### Task to complete
The answer must consist solely of the lines below starting at the one containing "Main image of" and ending at the one containing "Blossom in Style: Eco-friendly", repeated exactly, with both ends included and all pictures omitted.

### Data section
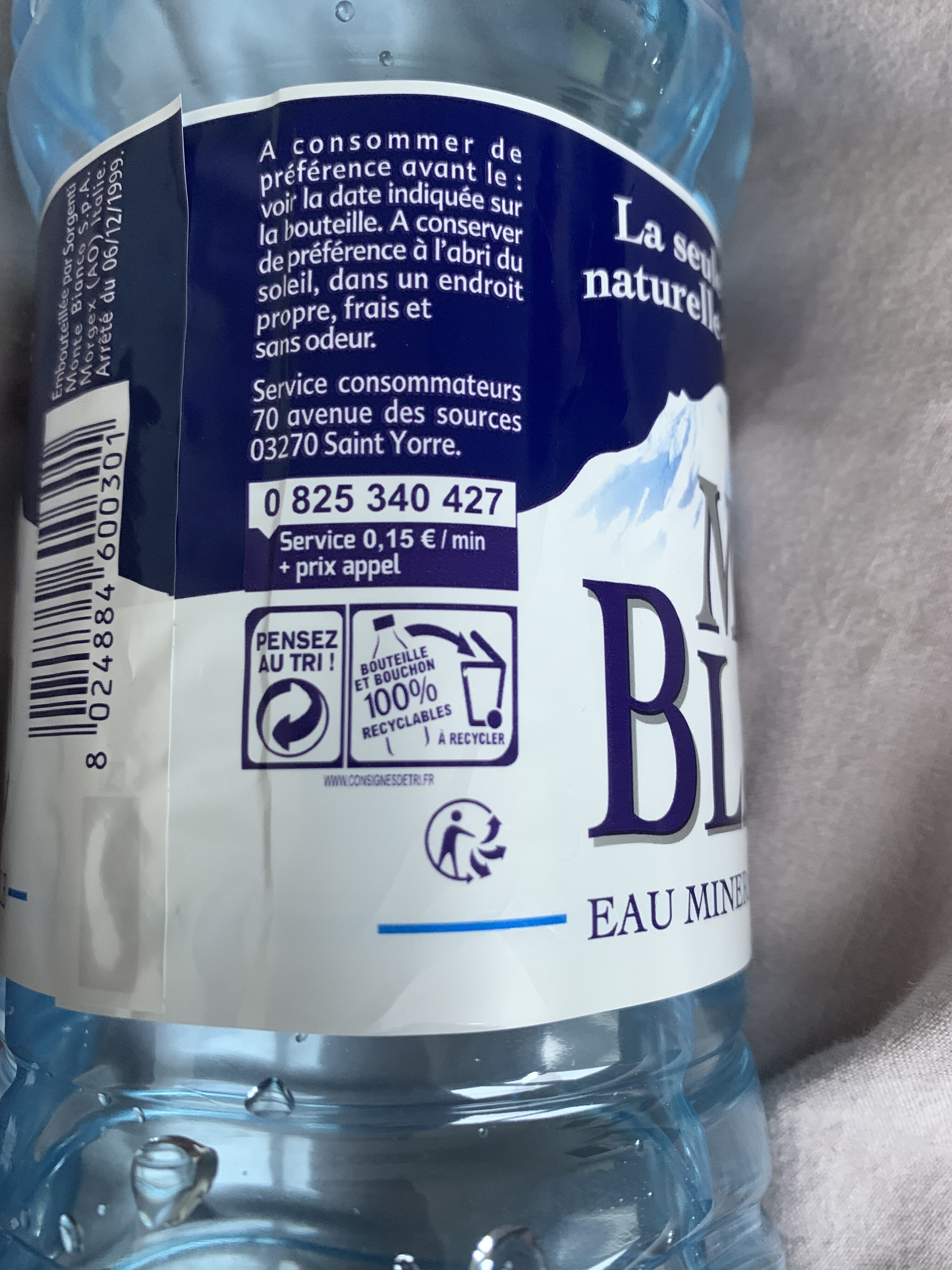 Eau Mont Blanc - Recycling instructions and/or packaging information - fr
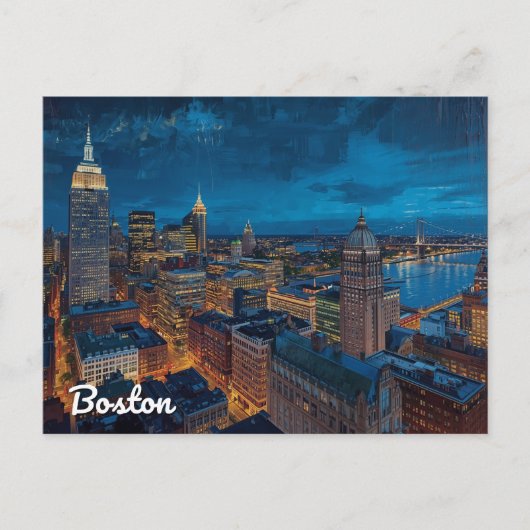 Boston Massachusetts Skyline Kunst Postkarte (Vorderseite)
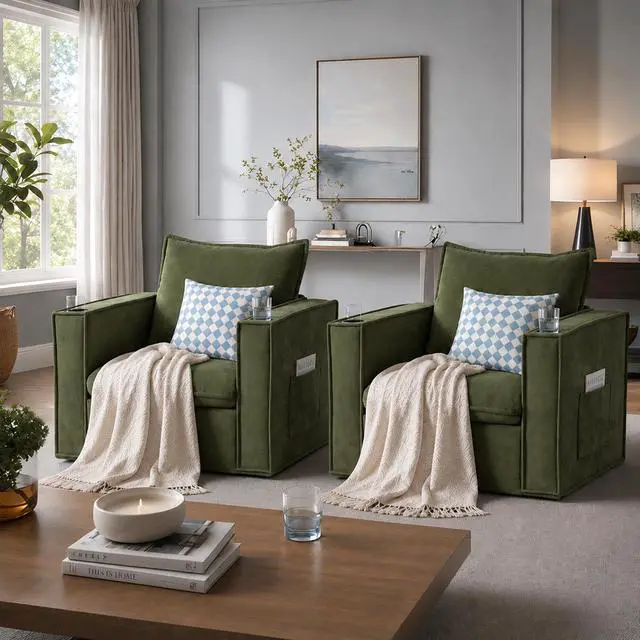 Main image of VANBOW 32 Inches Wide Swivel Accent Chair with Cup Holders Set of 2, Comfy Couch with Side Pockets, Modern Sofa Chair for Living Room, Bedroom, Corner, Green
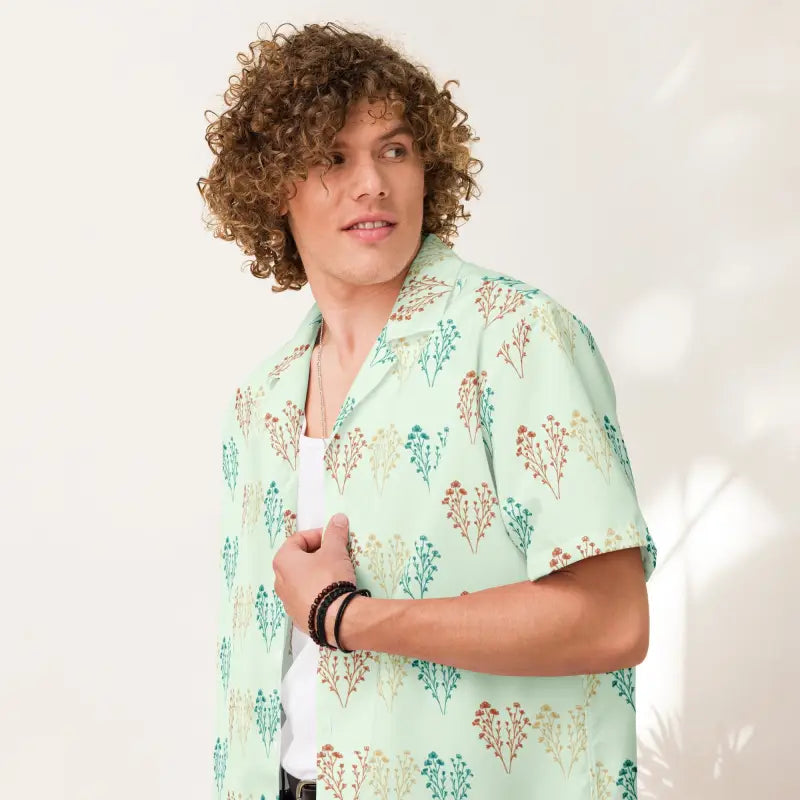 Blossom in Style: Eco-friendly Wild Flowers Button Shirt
---
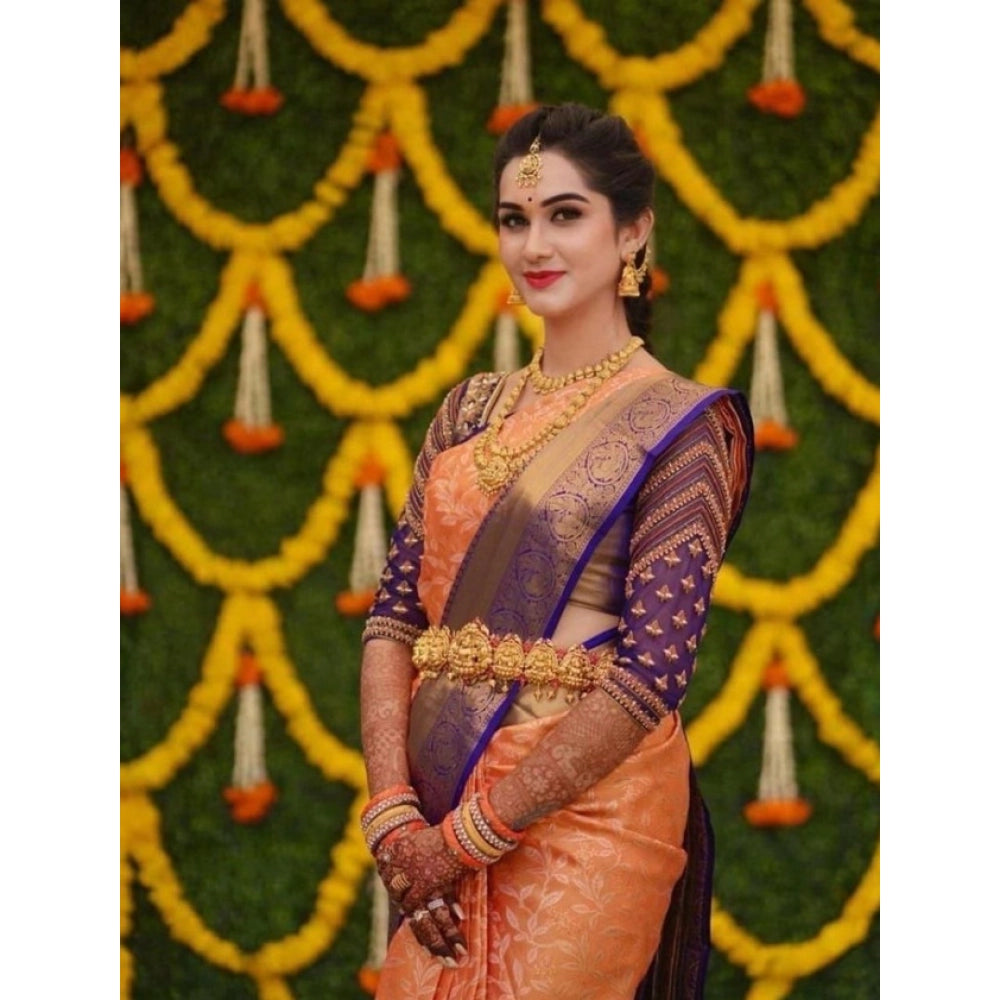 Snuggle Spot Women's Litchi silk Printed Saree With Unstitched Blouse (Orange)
* * *
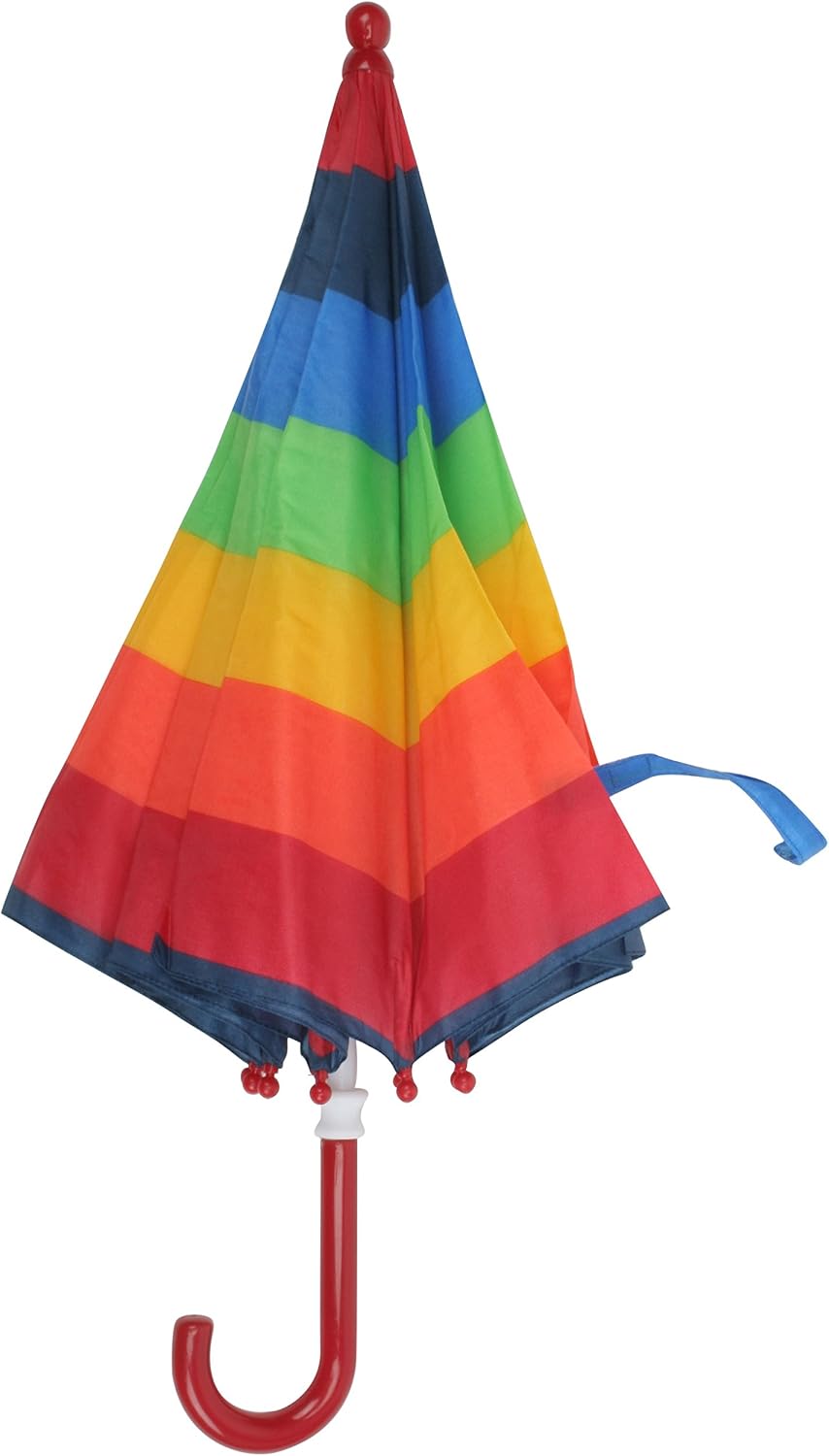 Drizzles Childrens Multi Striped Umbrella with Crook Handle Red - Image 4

### Completed exercise
 Main image of VANBOW 32 Inches Wide Swivel Accent Chair with Cup Holders Set of 2, Comfy Couch with Side Pockets, Modern Sofa Chair for Living Room, Bedroom, Corner, Green
 Blossom in Style: Eco-friendly Wild Flowers Button Shirt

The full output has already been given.